Alors qu'il se lançait dans sa réflexion sur la possibilité de placer ses anciennes œuvres à côté de peintures plus récentes dans une prochaine exposition que j'organise au , notre conversation est devenue comme l'une de ses peintures où il suffit de prendre du recul pour voir que chacune des parties devient un tout.

Son exposition ouvre au Palais des Congrès le 16 octobre 2024

Stephen Andrews (SA) : Je pensais à l'abstraction et à ma fascination pour les fondements philosophiques de la science, étant un homme d'un certain âge qui réfléchit à la mortalité d'une manière très différente de quand j'étais jeune, comme lorsque j'ai reçu mon diagnostic du sida à 28 ans. À cette époque, j’ai vécu cela comme une sorte de crise existentielle et ma mortalité était remplie d'incertitudes. Évidemment, nous savons tous que tout le monde va mourir à un moment donné, mais on n’y pense pas vraiment quand on est dans la vingtaine. Lorsque vous vieillissez, comme dans la soixantaine, vous commencez à penser à la mortalité. À ce stade, beaucoup d’amis sont morts au cours de votre vie ; vous savez que vous êtes dans une sorte de deuxième vague de décès, et donc vous réfléchissez à nouveau à votre mortalité, mais en termes très philosophiques. C’est plus doux, ce n’est pas une résignation, mais il y a juste, je suppose, une prise de conscience que c’est « ça ». J’ai eu beaucoup de chance, j’ai appris très jeune que « c’était ça » et j’ai vécu ma vie en conséquence – pleinement, en mettant ma main au feu, en espérant gagner.

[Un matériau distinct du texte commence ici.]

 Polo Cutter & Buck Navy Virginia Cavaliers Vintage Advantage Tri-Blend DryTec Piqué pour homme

À la lumière des évènements passés, après avoir appris tout cela, voilà ou j'en suis à ce moment particulier, je réévalue simplement ce que j'ai fait dans le passé et je réfléchis à cette exposition que vous souhaitez réaliser.

Avec cette exposition, c'est intéressant pour moi de regarder en arrière et de voir les racines de ce que je fais dans ce (nouveau) travail. Vous savez, ayant produit des œuvres à une époque où mon espérance de vie était d'un an, j'ai réfléchi à la notion de temps à ce moment-là, et maintenant je réfléchis au temps dans l’immédiat mais c’est encore bref- il faut réfléchir à la brièveté de la vie et au don qu'est la vie. C'est l'essentiel de mon travail. Il y a quelque temps, vous avez dit : « Oh, Stephen, votre travail tourne autour de la mort. » J'ai répondu que je ne le pensais pas, que c'est toujours à propos de la vie. Je le crois toujours.

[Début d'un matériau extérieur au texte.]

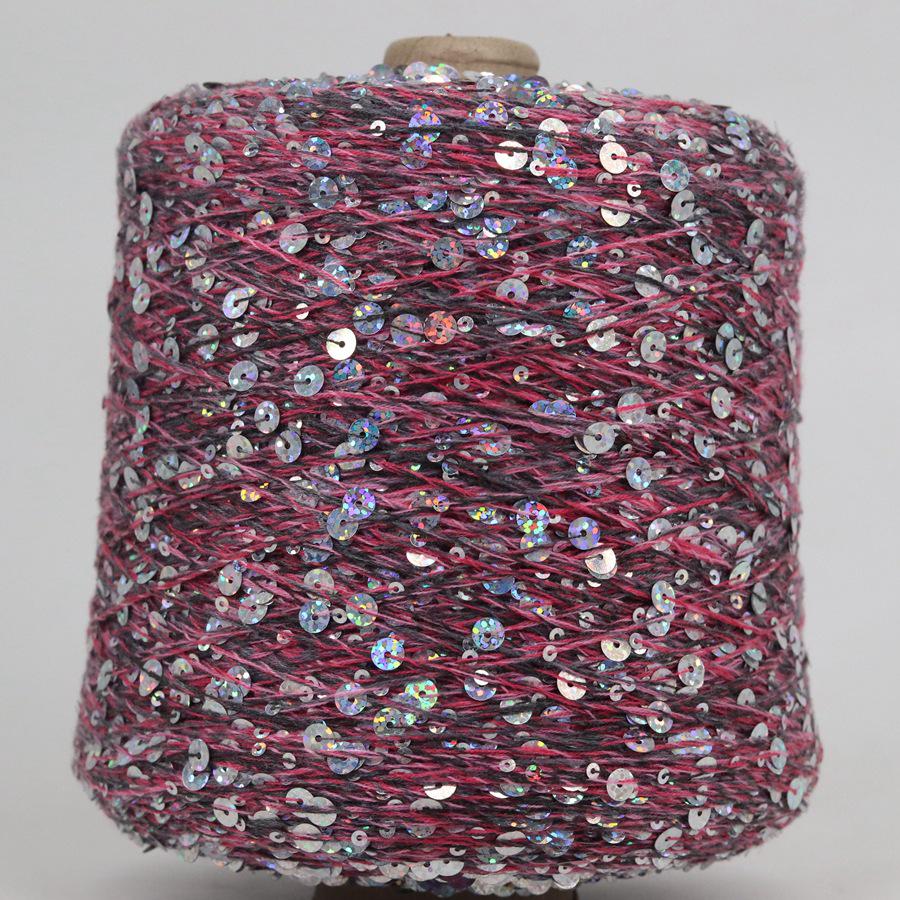 Hand-Knitted Bright Cotton Yarn with Sequins, 3MM+6MM, Combed and Fancy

Elle Flanders (EF) : J'allais commencer par une question que je trouvais provocante, mais vous avez tout abordé avant moi. Ma question allait être la suivante : en lisant une il y a longtemps, vous avez dit, en référence à la mort de votre partenaire Alex, ainsi qu'à de nombreux amis : « La vie d'une personne ne s'arrête pas simplement parce qu'elle est morte. » Et maintenant après avoir consacré plus de temps à votre travail qu’auparavant, j’ai réalisé que votre travail porte vraiment sur la vie. La vie quantique. Pouvons-nous parler de la vie dans vos peintures ?

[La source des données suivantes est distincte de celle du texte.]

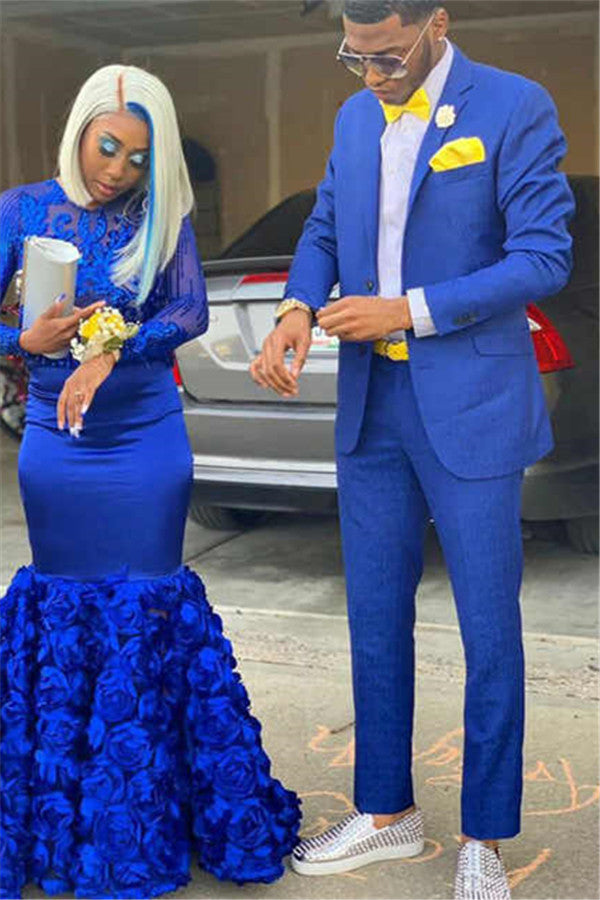Koscy Royal Blue Party Prom Suit - Elegant On Sale for Man with Notch Lapel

SA : Je veux expliquer ce que je voulais dire par cela: je pense qu'il y a quelque chose qui se manifeste lorsque le courrier est livré tous les jours et pendant les jours qui suivent (lors du décès d'une personne) et ce, à une époque pré-numérique. Parce que s’occuper des affaires personnelles d’un défunt, on utilisait le courrier, tous les jours on recevait des rappels de la vie de la personne. Aujourd’hui, cela m’arrive moins fréquemment mais au moins une fois par an, lorsque je recois les chèques de redevances du livre d'Alex par la poste, c'est comme un cadeau venu de l’au-delà. Pour moi, il est toujours présent dans ma vie émotivement et continue à subvenir à mes besoins, comme une pierre angulaire. Il est comme une constante, comme la constante de Planck, ou n'importe laquelle de ces constantes mathématiques. C’est quelque chose contre lequel vous mesurez tout.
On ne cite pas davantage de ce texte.